Task item:
Copy out exactly, and only, the lines from the one containing "Altschul Magdolna névjegykártya" through the end of the entries. No pictures.

Listed entries:

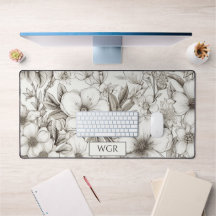 Bohemian Floral Monogram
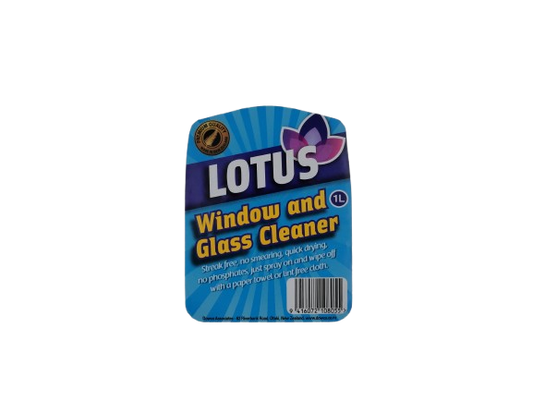 Lotus Window & Glass Cleaner Label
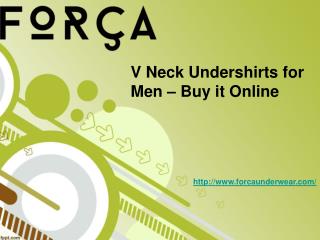 V Neck Undershirts for Men – Buy it Online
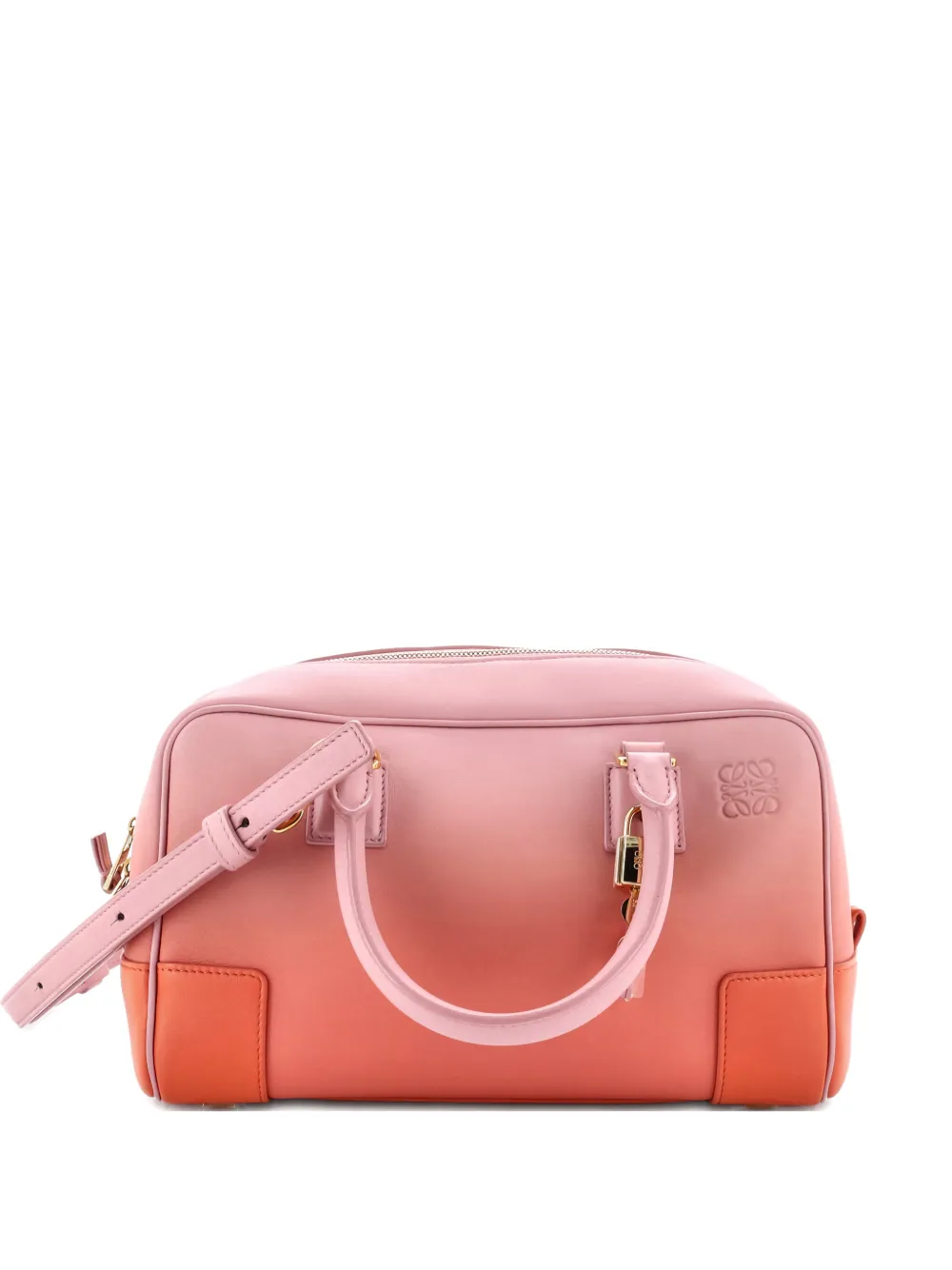 Loewe Pre-Owned Amazona Bag Degrade Leather 23 crossbody bag - Arancione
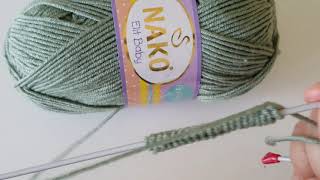 Sıralı Dağlar Örgü Modeli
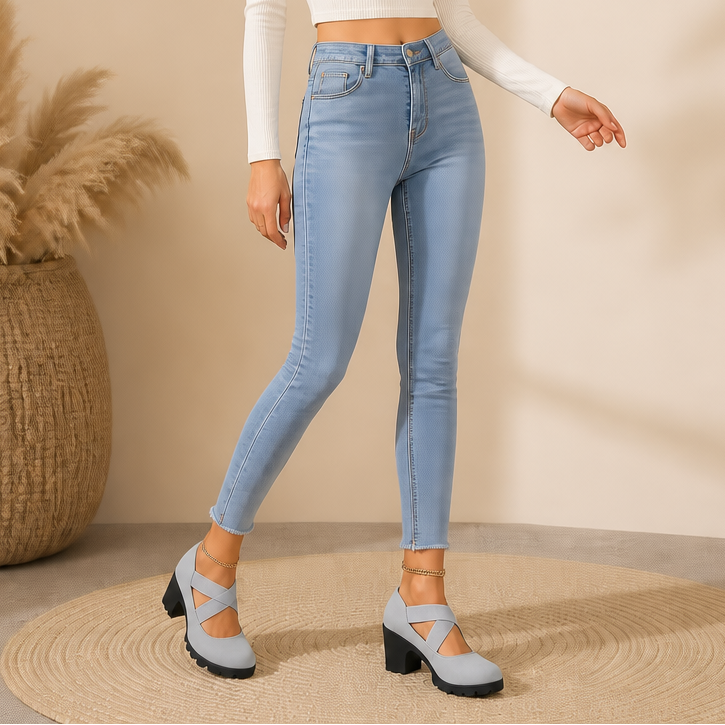 Women's Platform Mary Jane Heels | Crisscross Straps & Stable Comfort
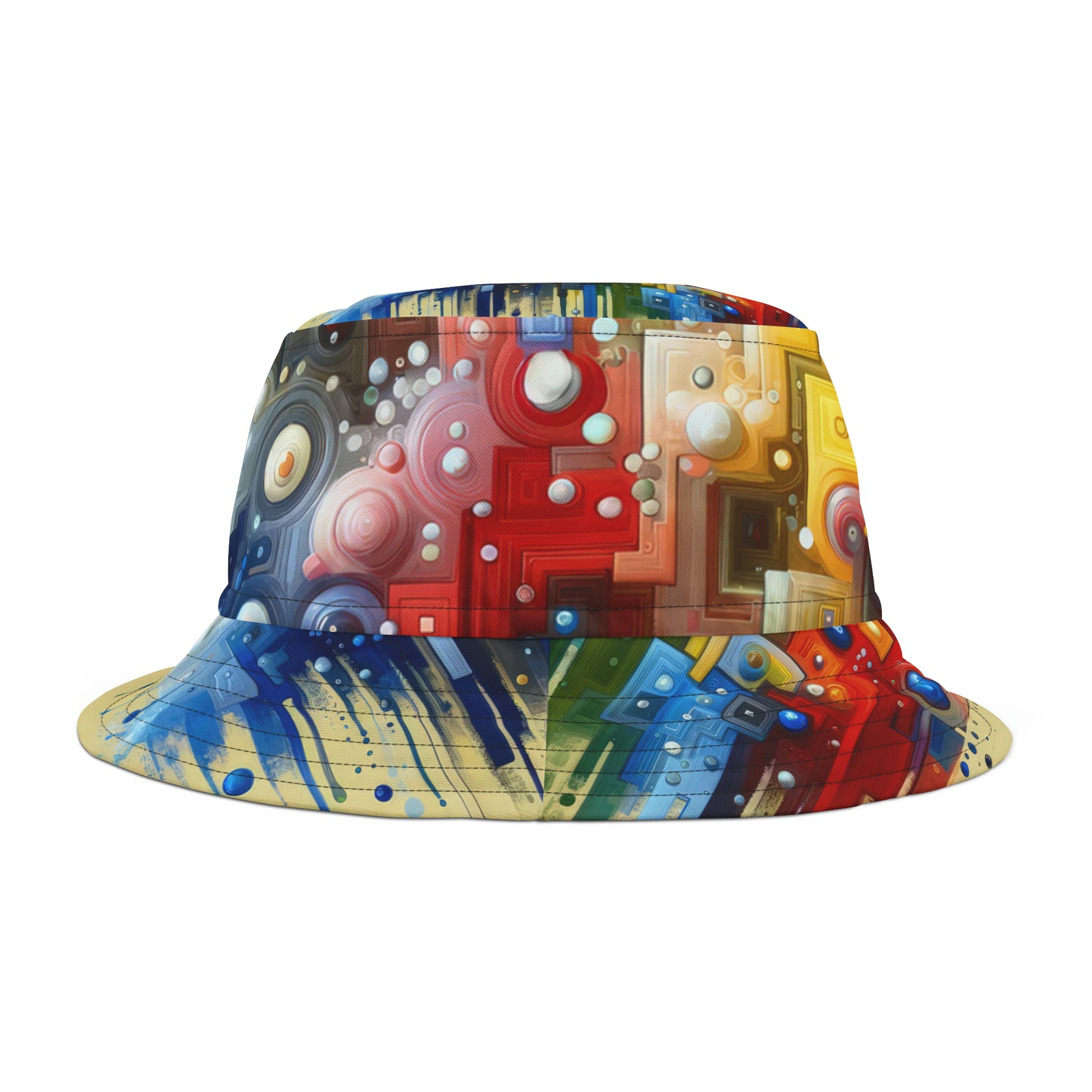 Connected Chromatic Tachism Bucket Hat (AOP)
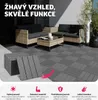 Sada terasových dlaždic Tegulas, WPC ve vzhledu dřeva - Náhled obrázku produktu 4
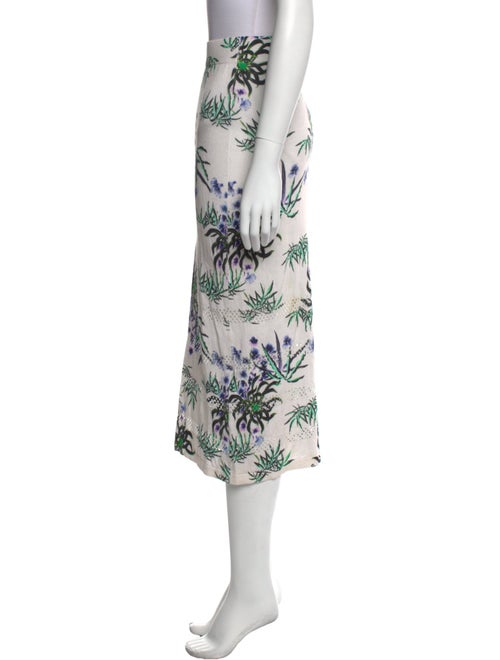Kenzo Floral Print Midi Length Skirt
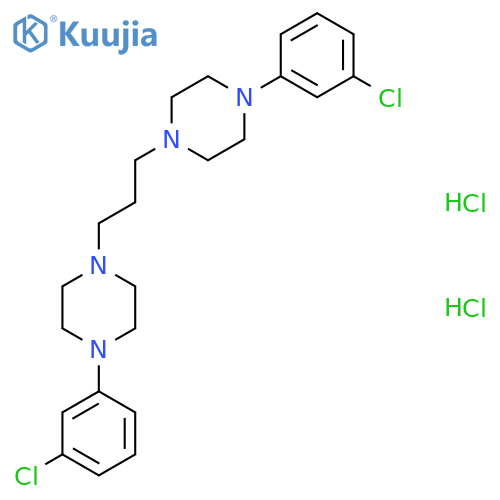 1,1'-(1,3-Propanediyl)bis4-(3-chlorophenyl)piperazine Dihydrochloride structure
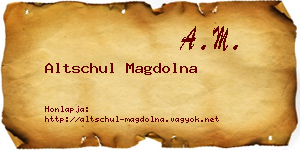 Altschul Magdolna névjegykártya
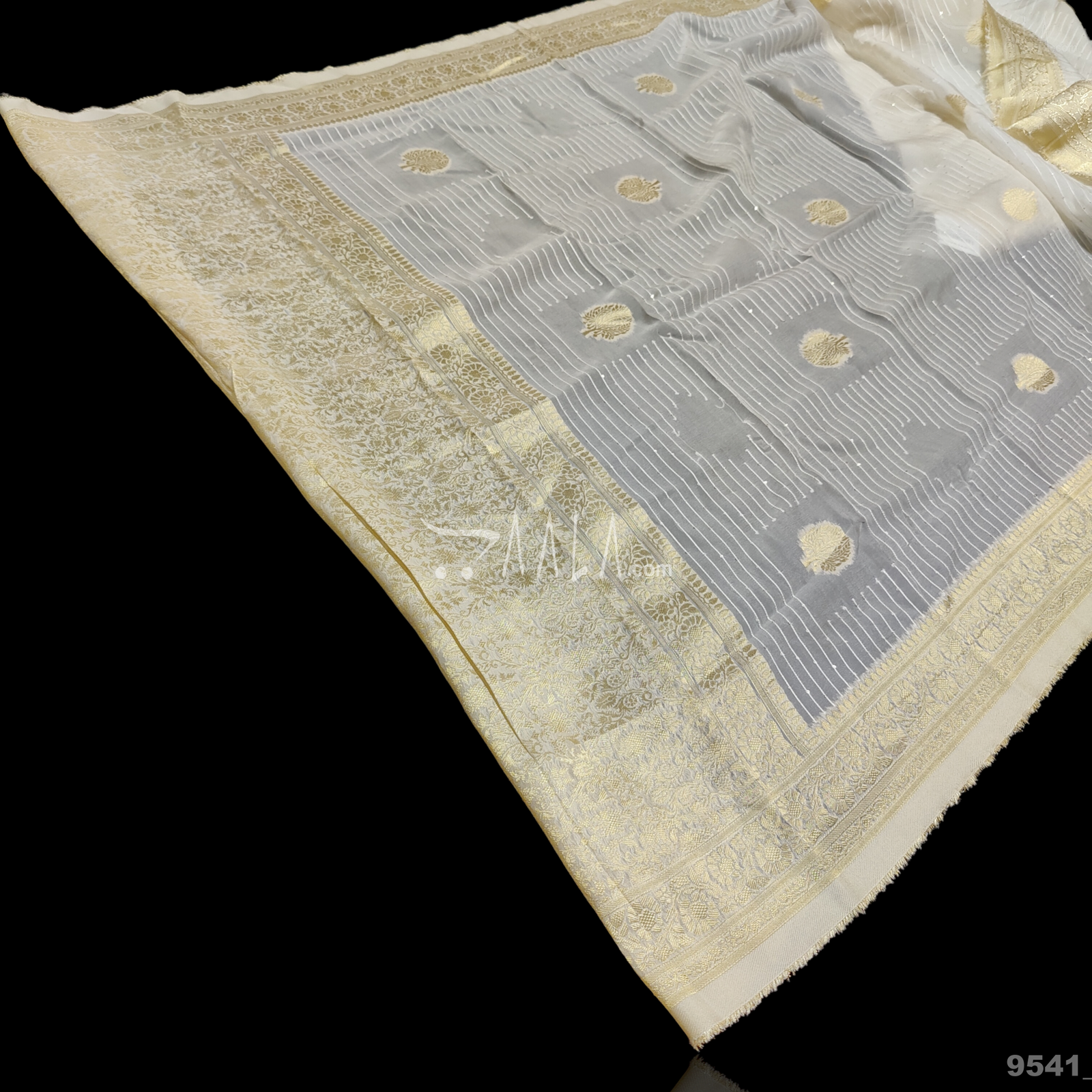 Banarsi-Jari Organza Viscose Dupatta-40-Inches DYEABLE 2.25-Metres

Output of the task:
 Altschul Magdolna névjegykártya
 Banarsi-Jari Organza Viscose Dupatta-40-Inches DYEABLE 2.25-Metres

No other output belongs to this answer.